Picking up ethical challenges in professional practice: can 3D avatars help?
20 November 2014
Today’s growing pressure on professional schools to produce graduates ‘who not only think ethically but act ethically’, assumes that dealing appropriately with ethical challenges is first a matter of getting our moral sums right then resolutely implementing the results of such sums.
This belief flies in the face of empirical research that highlights the myriad of factors shaping our moral attitudes (and actions). Among these factors, the impact of professional habits on the ethical sensitivity of professionals is seldom studied empirically.
In response to this conflict, Dr Sylvie Delacroix, Reader in Legal Theory and Ethics at UCL Laws, is working to develop a multidisciplinary pilot project with colleagues from across UCL to explore the use of 3D avatars as a means for students and professionals to learn about and experience ‘live’ ethical dilemmas.
The project, entitled: ‘Picking up ethical challenges within the humdrum of medical practice: does one ever get too used it?’, has recently been awarded funding from both Health Education North Central and East London (HENCEL), and the Wellcome Trust’s Society and Ethics Small Grants scheme.
This pilot study relies on highly immersive, virtual reality technology, allowing participants to enact, with the help of 3D avatars, a seemingly routine medical scenario, and test their ability to discern indications of underlying ethical concerns.
This project draws upon UCL’s rare combination of expertise in legal and medical practice, neurosciences and immersive virtual reality technology, and brings together experts from across the university, including Dr Jayne Kavanagh (UCL Medical School), Professor Mel Slater and Dr David Swapp (UCL Computer Science) and Dr Antonia Hamilton and Dr Sylvia Pan (Institute of Cognitive Neuroscience).
Exploring the possibilities of virtual reality
Through the use of 3D avatars, the project aims to explore how virtual reality can be employed in the education and continual training of medical professionals, as Dr Sylvie Delacroix explains: “It is a tool for learning and experiencing ‘live’ ethical dilemmas in such a way as to raise awareness of the variety of factors which contribute to the frequent discrepancy between abstract ethical stands and actual behaviour.
“This particular project looks at its application in the context of training (future) GPs. Since it is possible to control with precision the environment within which an ethical dilemma is experienced, and reproduce it at will, it enables the team to focus on one particular factor that may influence actual behaviour.
“The virtual reality tool also allows us to study the impact of professional habituation, i.e. repeated exposure to particular scenarios, on the way we end up making ethical decisions.
“While repeated exposure is usually concomitant with high degrees of expertise (which have been shown to enable the bypassing of cognitive processes altogether and intuitively ‘grasping’ the solution to a problem), it can also dampen the intensity of our emotional reactions.
“So the question is: will highly experienced GPs prove more capable of picking up on ethical challenges underlying what otherwise looks like a routine medical issue (in virtue of their high degree of expertise), or are they less likely to be emotionally engaged (because of the repeated exposure), and hence less aware, overall, of such underlying ethical issues?”
Students in both the LLM and LLB modules in Law and Ethics module recently had the opportunity to experience the virtual reality environment at UCL, known as ‘The Cave’ as part of their studies.

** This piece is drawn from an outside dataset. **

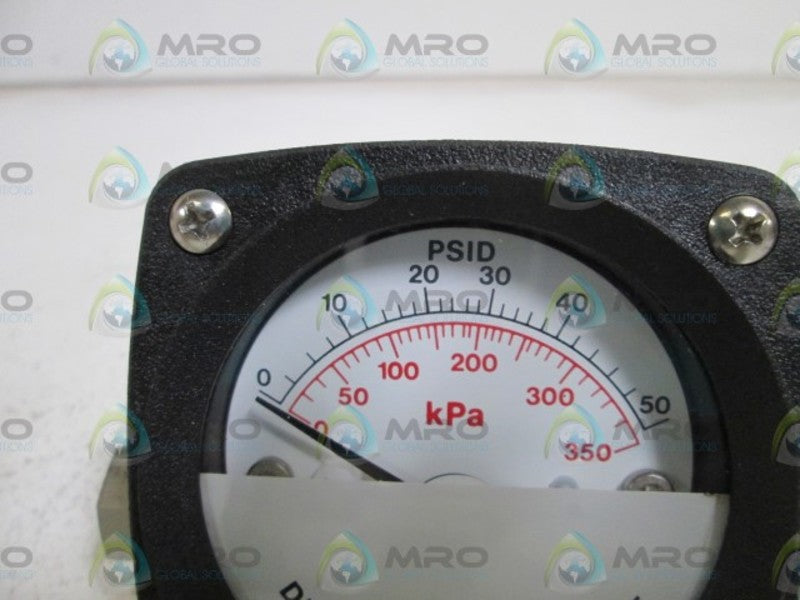 CARRIER DIFFERENTIAL PRESSURE GAUGE KM05BW220  NSNP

Their reactions to this help to demonstrate the impact of the technology and the scenarios it presents:
“I was surprised by my reaction of intervening and sacrificing one in order to spare six others. Even though I still can’t find such act morally justifiable, I suspect I would probably do the same should a similar scenario occur. I would very much welcome any opportunity of visiting The Cave again.”

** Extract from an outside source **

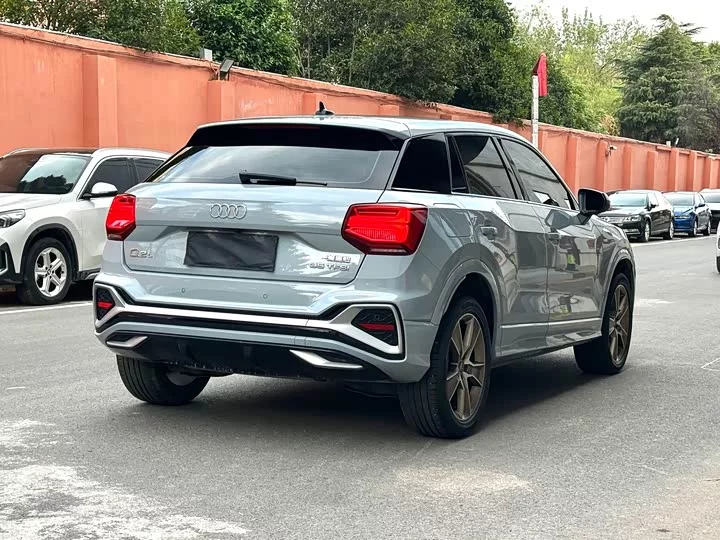 Audi Q2L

“I found The Cave experience very interesting and the shooting incident took me totally by surprise. I wish that my reactions would have been quicker so that I could have saved more lives. I think that virtual reality is a better indicator of what people would actually do in dangerous situations than simple verbal examples as it makes you feel like you’re part of the situation.

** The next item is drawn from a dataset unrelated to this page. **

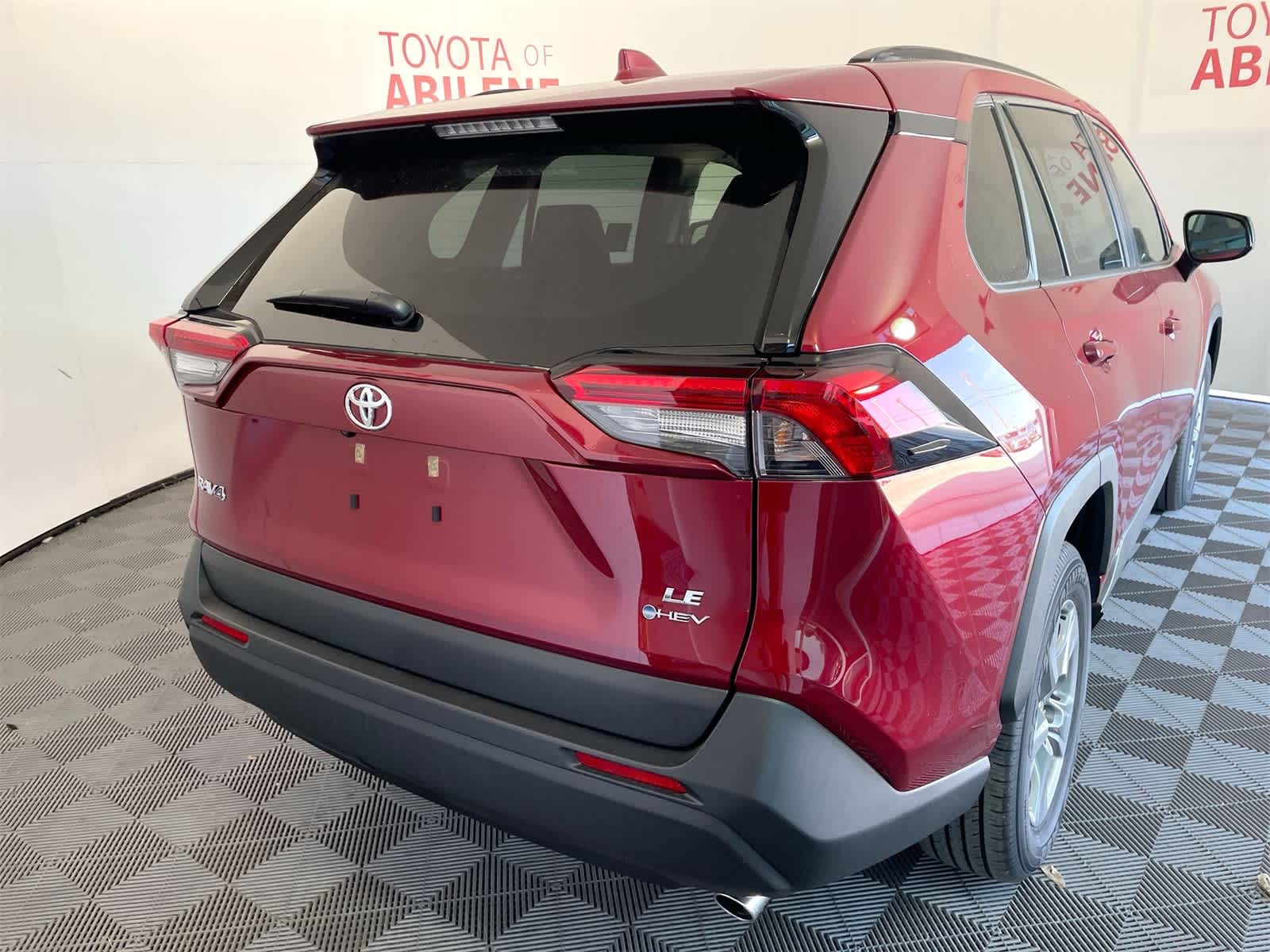 Thumbnail: 2025 Toyota RAV4 - 7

“As for the use of virtual reality in general, I think it represents a very promising route for training in ethics. From the participants’ point of view, what such VR experiments reveal is that what a person says in a classroom is often not how a person actually behaves. Reflection on such discrepancies will probably help participants bridge the gap between the classroom and their practices, and hopefully result in more sincere discourse on ethics.”